Sentenza “Bosman” della Consulta per i taxi: «il blocco delle licenze è incostituzionale»
# Il blocco delle licenze è incostituzionale
Dopo un periodo infinito di attesa arriva la sentenza che può porre fine alle code per i taxi: «Il blocco delle licenze compromette i diritti dei cittadini». In sostanza, “è incostituzionale”. Lo dice proprio la Corte Costituzionale.
Riuscirà questa sentenza a mandare in archivio le immagini delle code infinite di passeggeri e turisti fuori degli aeroporti e stazioni ferroviarie? Il 19 luglio è stato depositato il verdetto che boccia il decreto del 2018 che aveva bloccato il rilascio di nuove licenze. Ufficialmente per gli Ncc ma che di fatto aveva alzato una barriera a ogni allargamento del servizio riservato ai taxi.
La Corte ha dichiarato incostituzionale il decreto originario: «La norma – scrivono i giudici – ha causato in modo sproporzionato un grave pregiudizio all’interesse della cittadinanza e dell’intera collettività». I servizi di autotrasporto «non in linea» (vale a dire taxi e Ncc) concorrono alla effettiva libertà di circolazione « che è la condizione per l’esercizio di altri diritti».
# L’articolo che ha causato code e deficit nel servizio pubblico
«La forte carenza dell’offerta – continuano i giudici dell’Alta Corte – che colloca l’Italia tra i Paesi meno attrezzati al riguardo….ha indebitamente compromesso non solo il benessere del consumatore ma anche qualcosa di più ampio che attiene all’effettivo godimento di alcuni diritti costituzionali oltre che all’interesse dello sviluppo economico del Paese»
La sentenza dei giudici interviene in particolare contro l’articolo 10 del decreto del 2018 varato dal governo gialloverde (Conte 1) in questo passaggio: «A decorrere dalla data di entrata in vigore del presente decreto …non è consentito il rilascio di nuove autorizzazioni per l’espletamento del servizio di noleggio con conducente con autovettura». I risultati più evidenti di questo articolo sono state le code di cittadini e turisti in attesa di un taxi e il blocco all’estensione del servizio taxi a nuovi operatori.

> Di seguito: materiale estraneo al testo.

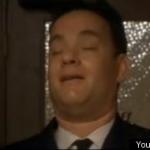 tom hanks green mile pee face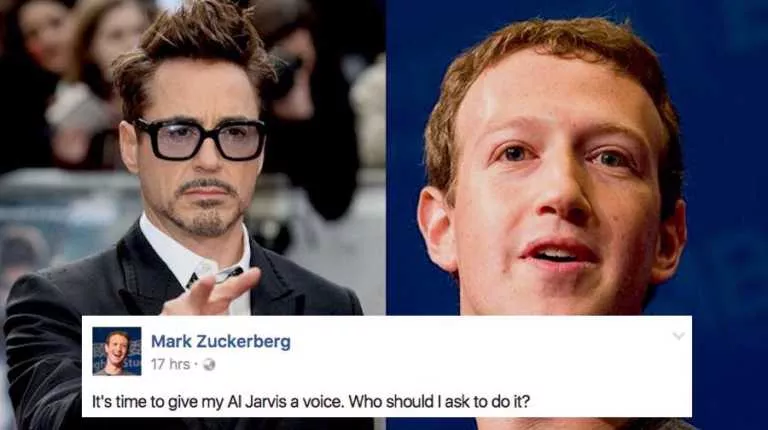 Mark Zuckerberg Needs Your Help Finding A Voice For His ‘Jarvis’ AI, Even Robert Downey Jr. Is Interested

# Roma e Milano al palo in Europa
«È rimasta inascoltata – conclude la nota dei giudici a spiegazione della sentenza – la preoccupazione dell’Autorità Garante della concorrenza per la quale l’ampliamento dell’offerta risponde all’esigenza di far fronte a una domanda elevata e insoddisfatta soprattutto nelle aree metropolitane caratterizzate da maggiore densità di traffico e dall‘incapacità del trasporto pubblico di linea e del servizio taxi a coprire interamente i bisogni di mobilità della popolazione».
Il confronto tra città italiane e straniere è disastroso. Come riportato sul Corriere della Sera a Roma circolano 7800 taxi e a Madrid 16 mila oltre a 9 mila NCC. Ma a Roma si hanno il 75% dei pernottamenti turistici in più di Madrid. E anche Milano ha numeri assurdi se la si confronta con le altre città europee, come si vede in questo articolo.
La pubblicazione della sentenza ha riacceso il dibattito sul tema: «Chiediamo alla Presidente del Consiglio Giorgia Meloni di convocare rapidamente un tavolo di concertazione per una nuova legge quadro sul trasporto pubblico non di linea» dichiara Andrea Romano, presidente di MuoverSi’ Federazione NCC e Mobilità, che riunisce le principali associazioni del settore Noleggio con Conducente, aggiungendo. «Oggi la sentenza della Corte Costituzionale assesta un colpo definitivo alla già traballante credibilità della legge gravemente punitiva verso decine di migliaia di operatori e aziende».